Image-caption web data:

▼▼▼

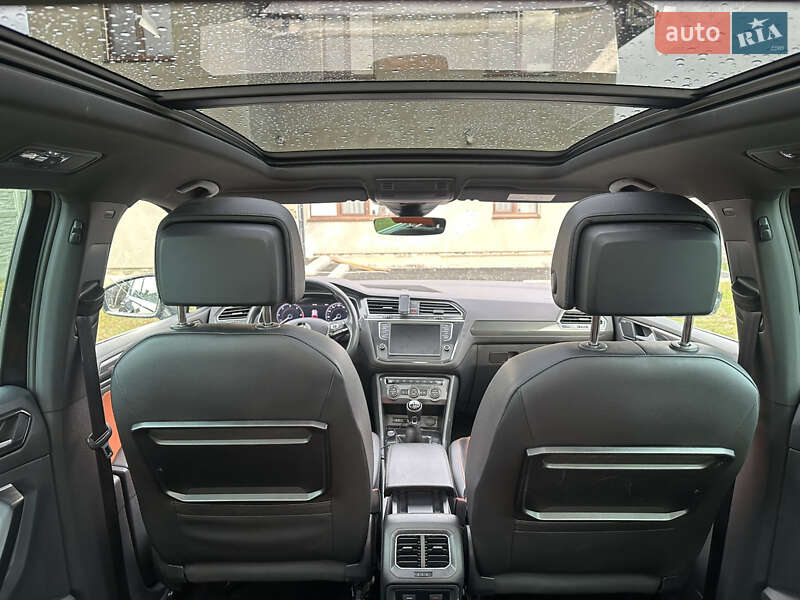 Внедорожник / Кроссовер Volkswagen Tiguan 2016 в Коростене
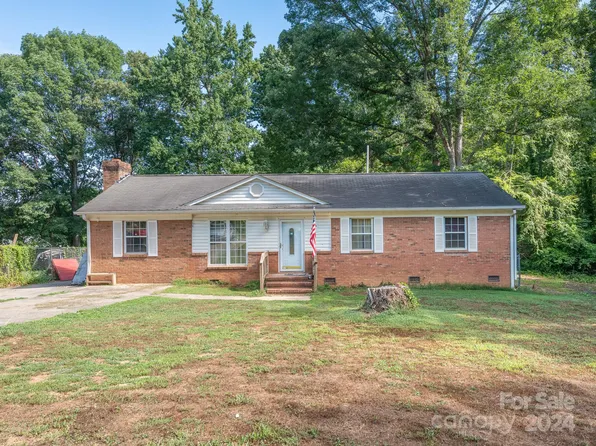 124 Shady Bluff Dr, Gastonia, NC 28052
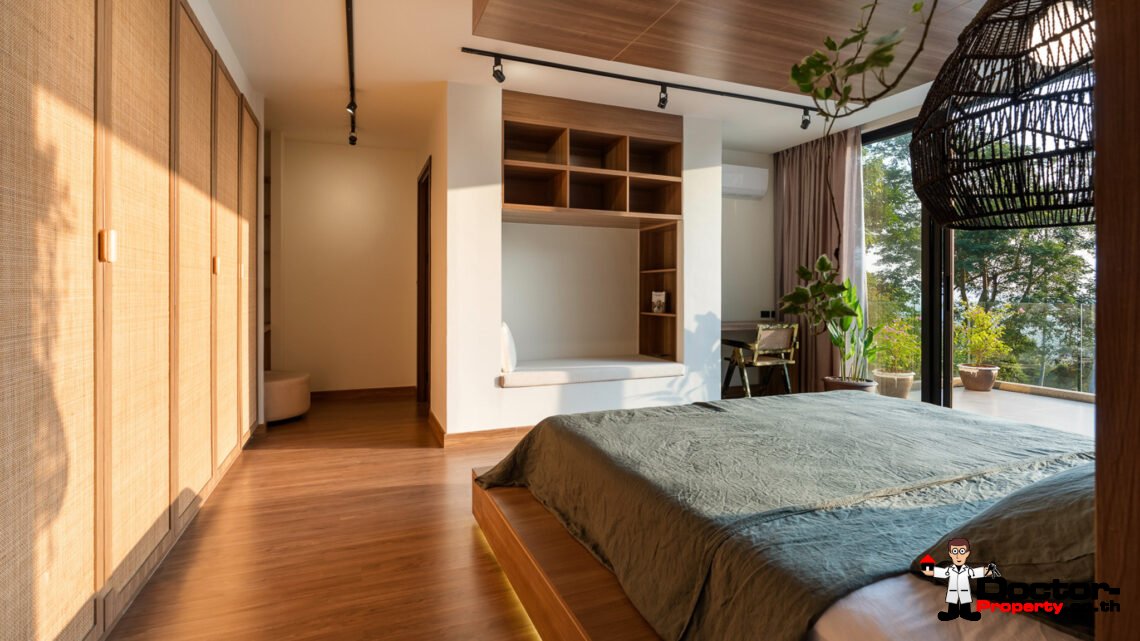 Luxurious 3 Bedroom Sea View Villa in Chaweng, Koh Samui – For Sale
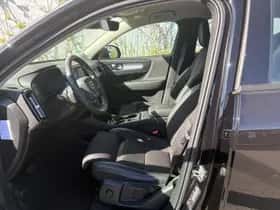Volvo XC40 thumbnail 4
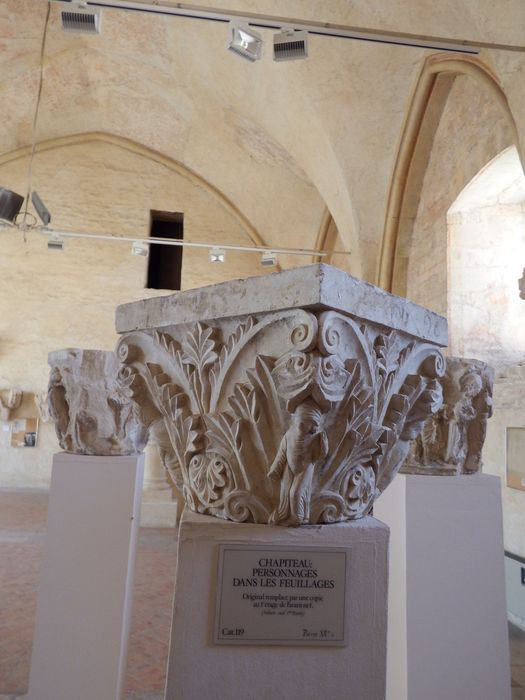 chapiteau : Décor de feuillages et personnages (n°119) - © Ministère de la Culture (France), Conservation des antiquités et des objets d’art de l'Yonne – Tous droits réservés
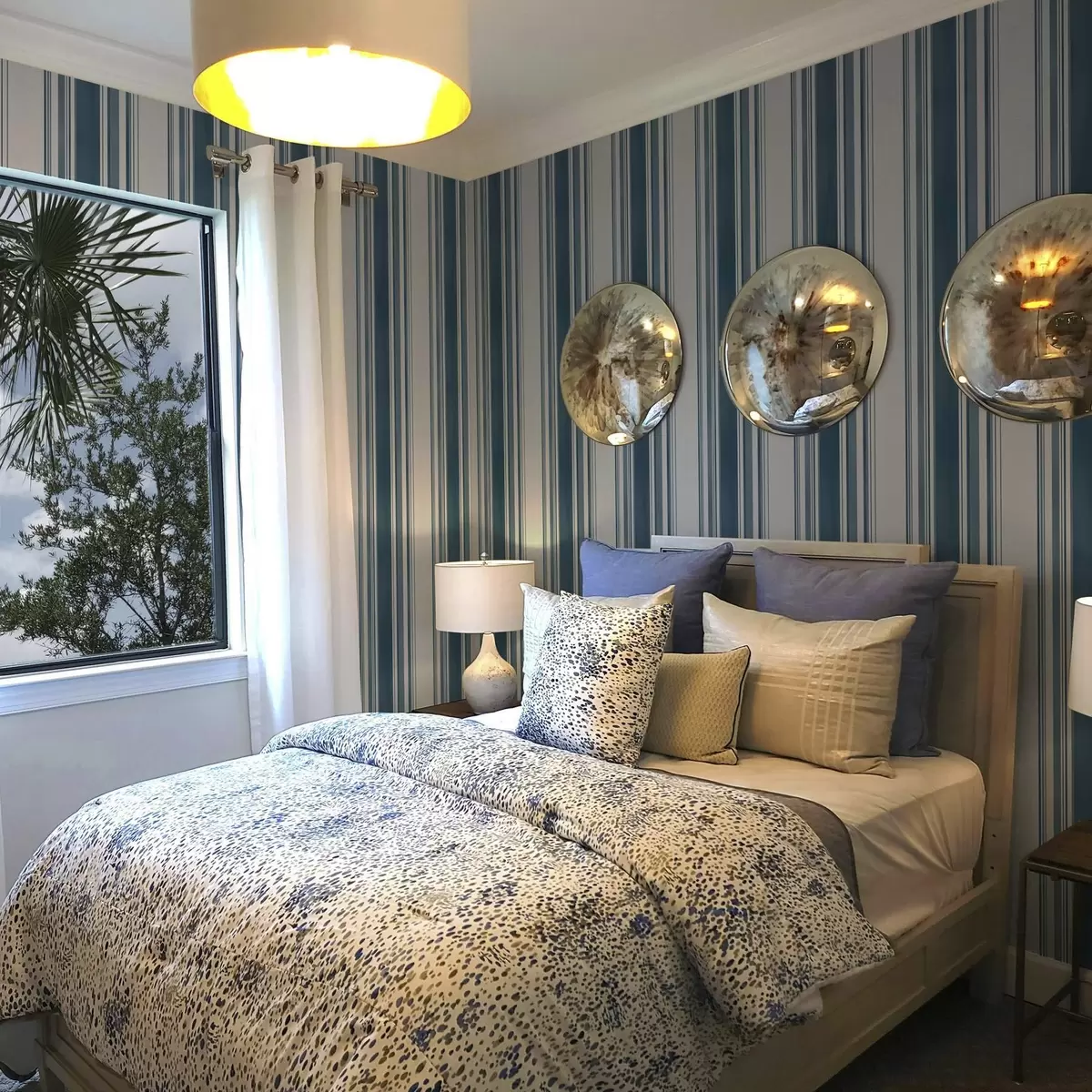 Тапети Сини ивици с бели пролуки a00525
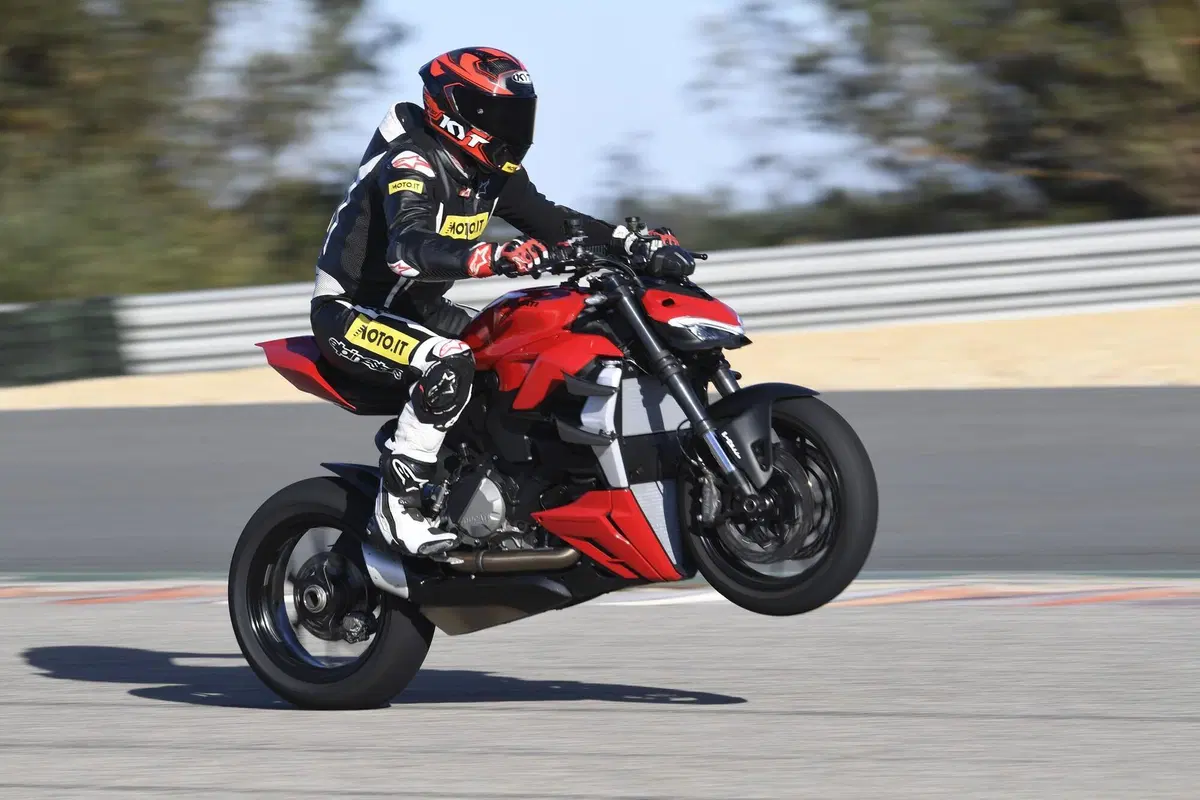 Ducati Streetfighter V2 (15)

▲▲▲

Task objective>
Write out exactly and only the lines that run from the start of the data above through the line containing "Volvo XC40 thumbnail 4", leaving the pictures out.

Exercise solution>
 Внедорожник / Кроссовер Volkswagen Tiguan 2016 в Коростене
 124 Shady Bluff Dr, Gastonia, NC 28052
 Luxurious 3 Bedroom Sea View Villa in Chaweng, Koh Samui – For Sale
Volvo XC40 thumbnail 4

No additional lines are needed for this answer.